Rabindranath Tagore, laureado com o Prêmio Nobel de Literatura em 1913, foi uma figura extraordinária que transcendeu as fronteiras culturais e literárias, desbancando os autores europeus de sua época. Ele foi o primeiro escritor não-europeu a receber o prêmio, o que não só destacou seu talento, mas também trouxe à tona a rica herança literária da Índia, até então obscurecida pela hegemonia cultural ocidental. Tagore, que escreveu tanto em bengali quanto em inglês, foi um poeta, filósofo, músico e educador cujas obras carregam profundas reflexões sobre a vida, a natureza e a espiritualidade.
Nascido em 7 de maio de 1861, em Calcutá, no seio de uma família influente, Tagore teve uma educação privilegiada. Ele foi um dos maiores expoentes do movimento de renovação cultural do século XIX na Índia, integrando sua sensibilidade oriental com o pensamento ocidental. Além de suas poesias, escreveu romances, contos, peças de teatro e ensaios, abordando temas como a liberdade, a justiça, a espiritualidade e a busca pela harmonia entre o homem e a natureza.

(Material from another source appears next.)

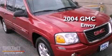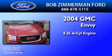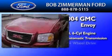This is a 2004 GMC Envoy. It has a 4.2-liter, six-cylinder engine, a four-speed automatic transmission, and four-wheel drive.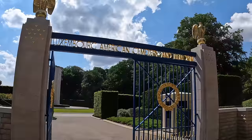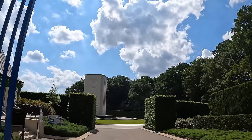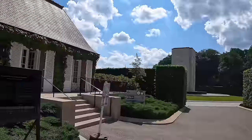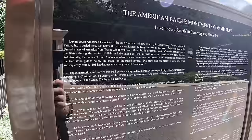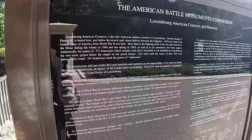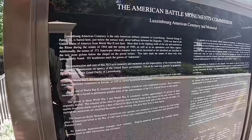The two eagles. Look at that huge thing right in front of us. The American Battle Monuments Commission. The American Cemetery is the only American military cemetery in Luxembourg. General George S. Patton Jr. is buried here, just below the terrace wall, halfway between the flagpoles. 5,076 war dead of the United States of America from World War II rest here. Most died in fighting north of the city and eastward to the Rhine during the winter and spring of 1945.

A obra pela qual Tagore foi mais amplamente reconhecido no Ocidente foi Gitanjali (Oferendas Poéticas), uma coleção de poemas profundamente espirituais que expressam sua visão de um Deus onipresente, com quem o poeta busca comunhão em meio à beleza da vida cotidiana. Seus versos falam de uma verdade universal e de uma unidade essencial que transcende religiões, raças e nações.
Tagore, com sua sensibilidade mística e sua capacidade de expressar o sublime, encantou tanto o Oriente quanto o Ocidente. Sua poesia explora a essência da alma humana, suas angústias e suas esperanças, permeando o leitor com uma sensação de beleza e serenidade.
Ao ganhar o Prêmio Nobel de Literatura, Tagore tornou- -se um emblema da capacidade da literatura de unir culturas e de transmitir valores que transcendem as divisões geopolíticas e raciais. Ele ofereceu ao mundo uma nova forma de pensar a literatura — não como um domínio exclusivo do Ocidente, mas como uma expressão global da alma humana.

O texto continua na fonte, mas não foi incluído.